Q: ‘Fourteen points by Jinnah were the greatest achievement of Mohammad Ali Jinnah towards the Pakistan Movement’. Do you agree? Explain your answer. 
14 points of Mohammed Ali Jinnah were one of his greatest achievement towards the Pakistan Movement. Although there were other contributions towards Pakistan movement as well, such as representation by Muslims in the Round Table Conferences 1930 – 32, negotiation with Gandhi in Gandhi-Jinnah talks 1944, attending the Simla Conference 1945 and the Lahore Resolution but his 14 points set the negotiation agenda at each of these events.

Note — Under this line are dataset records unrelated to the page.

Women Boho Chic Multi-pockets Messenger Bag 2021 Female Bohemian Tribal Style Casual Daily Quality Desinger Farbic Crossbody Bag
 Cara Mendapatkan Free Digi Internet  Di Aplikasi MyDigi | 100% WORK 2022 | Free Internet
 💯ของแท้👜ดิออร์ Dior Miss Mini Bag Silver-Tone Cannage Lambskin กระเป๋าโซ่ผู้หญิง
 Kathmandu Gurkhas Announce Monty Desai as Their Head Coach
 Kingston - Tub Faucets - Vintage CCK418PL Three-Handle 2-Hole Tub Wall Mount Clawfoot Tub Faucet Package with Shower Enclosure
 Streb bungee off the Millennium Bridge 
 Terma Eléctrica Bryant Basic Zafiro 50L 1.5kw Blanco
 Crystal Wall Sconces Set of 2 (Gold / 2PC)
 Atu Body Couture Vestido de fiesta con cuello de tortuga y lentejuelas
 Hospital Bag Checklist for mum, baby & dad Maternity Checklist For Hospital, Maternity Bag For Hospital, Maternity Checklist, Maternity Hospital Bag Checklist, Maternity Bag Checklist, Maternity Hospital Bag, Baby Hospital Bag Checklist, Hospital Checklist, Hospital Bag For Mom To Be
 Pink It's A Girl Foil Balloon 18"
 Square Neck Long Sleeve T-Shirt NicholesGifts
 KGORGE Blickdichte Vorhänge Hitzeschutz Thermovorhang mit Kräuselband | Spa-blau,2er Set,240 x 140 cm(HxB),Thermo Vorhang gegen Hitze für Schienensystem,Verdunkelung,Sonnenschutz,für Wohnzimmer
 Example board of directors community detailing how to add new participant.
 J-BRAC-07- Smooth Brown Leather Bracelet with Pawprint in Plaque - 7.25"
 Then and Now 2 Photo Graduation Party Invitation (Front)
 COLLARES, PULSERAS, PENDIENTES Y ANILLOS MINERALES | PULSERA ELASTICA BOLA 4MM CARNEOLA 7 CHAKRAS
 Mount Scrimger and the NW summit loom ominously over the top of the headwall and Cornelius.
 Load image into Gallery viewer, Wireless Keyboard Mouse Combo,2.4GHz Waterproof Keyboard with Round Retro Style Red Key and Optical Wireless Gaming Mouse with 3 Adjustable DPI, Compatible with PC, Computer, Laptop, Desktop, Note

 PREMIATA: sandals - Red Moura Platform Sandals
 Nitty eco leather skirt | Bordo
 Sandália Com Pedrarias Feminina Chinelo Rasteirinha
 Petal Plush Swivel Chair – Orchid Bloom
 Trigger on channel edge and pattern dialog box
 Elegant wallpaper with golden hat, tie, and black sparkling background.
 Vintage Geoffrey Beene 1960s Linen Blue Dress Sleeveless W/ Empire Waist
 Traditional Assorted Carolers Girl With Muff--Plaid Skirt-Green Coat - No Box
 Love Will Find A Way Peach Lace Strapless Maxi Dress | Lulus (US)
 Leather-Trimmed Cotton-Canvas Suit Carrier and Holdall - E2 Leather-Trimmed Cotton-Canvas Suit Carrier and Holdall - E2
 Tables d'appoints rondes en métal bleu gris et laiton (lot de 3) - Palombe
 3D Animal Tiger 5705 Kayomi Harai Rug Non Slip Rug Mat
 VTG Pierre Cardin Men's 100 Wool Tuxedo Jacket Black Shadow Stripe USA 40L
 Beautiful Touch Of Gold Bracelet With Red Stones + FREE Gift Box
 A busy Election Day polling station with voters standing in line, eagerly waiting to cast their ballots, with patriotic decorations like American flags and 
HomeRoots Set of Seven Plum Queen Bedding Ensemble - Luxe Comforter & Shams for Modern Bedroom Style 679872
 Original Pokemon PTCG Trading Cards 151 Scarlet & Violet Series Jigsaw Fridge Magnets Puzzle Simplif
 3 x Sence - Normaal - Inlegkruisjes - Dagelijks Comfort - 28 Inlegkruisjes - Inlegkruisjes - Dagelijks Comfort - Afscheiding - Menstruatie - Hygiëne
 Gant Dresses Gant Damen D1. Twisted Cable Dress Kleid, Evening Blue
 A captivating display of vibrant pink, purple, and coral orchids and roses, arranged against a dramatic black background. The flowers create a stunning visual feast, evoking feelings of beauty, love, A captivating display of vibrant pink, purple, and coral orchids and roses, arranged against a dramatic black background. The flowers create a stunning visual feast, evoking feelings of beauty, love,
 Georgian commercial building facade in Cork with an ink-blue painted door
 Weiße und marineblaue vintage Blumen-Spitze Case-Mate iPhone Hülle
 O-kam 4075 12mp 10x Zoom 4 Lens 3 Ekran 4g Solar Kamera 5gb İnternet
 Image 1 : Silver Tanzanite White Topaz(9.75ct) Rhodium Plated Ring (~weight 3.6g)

Jinnah gave his 14 points in opposition to the proposals made in the Nehru Report. The Fourteen Points were proposed as a constitutional reform plan to safeguard the political rights of Muslims in a self-governing India in 1929. In these points he guaranteed Muslims rights and also propagated the rights of other minorities as well. He stated that 1/3 of the seats in central government should be given to Muslims. Sindh should be separated from Bombay and no bill shall be passed if ¾ of the party disagreed etc. These 14 points were his greatest achievement as they were made the basis of every negotiation made with British or Hindus. They influenced the political thinking of the Muslims for the next two decades. In fact these points now formed the basis of Muslim demands.
Furthermore, Jinnah participated in the round table conferences (RTC’s) of 1930-32. He represented Muslims in these conferences and also gave suggestions for the government of India Act of 1935. The importance of Jinnah’s 14 points can be judged by the fact that these points were presented in the Round Table Conference of 1930.In these conferences he tried to safeguard minority rights, as proposed in his 14 points. Although very little was gained in these RTC’s but Jinnah and other political leaders got experience of how to handle political meetings to set out the demands of future negotiations with Congress and/or the British Government linked to safeguarding the rights of Muslims as proposed in the 14 points.
However, he also achieved much more. After the 1937 elections, Jinnah set out to reform the Muslim League at grass root level and, as a result, membership had grown significantly by mid-1938. Without this growth, the League would have struggled to be recognised by the British as a powerful player in Indian politics, and hence the fortunes of the Pakistan Movement would have possibly failed to bear fruit when it did.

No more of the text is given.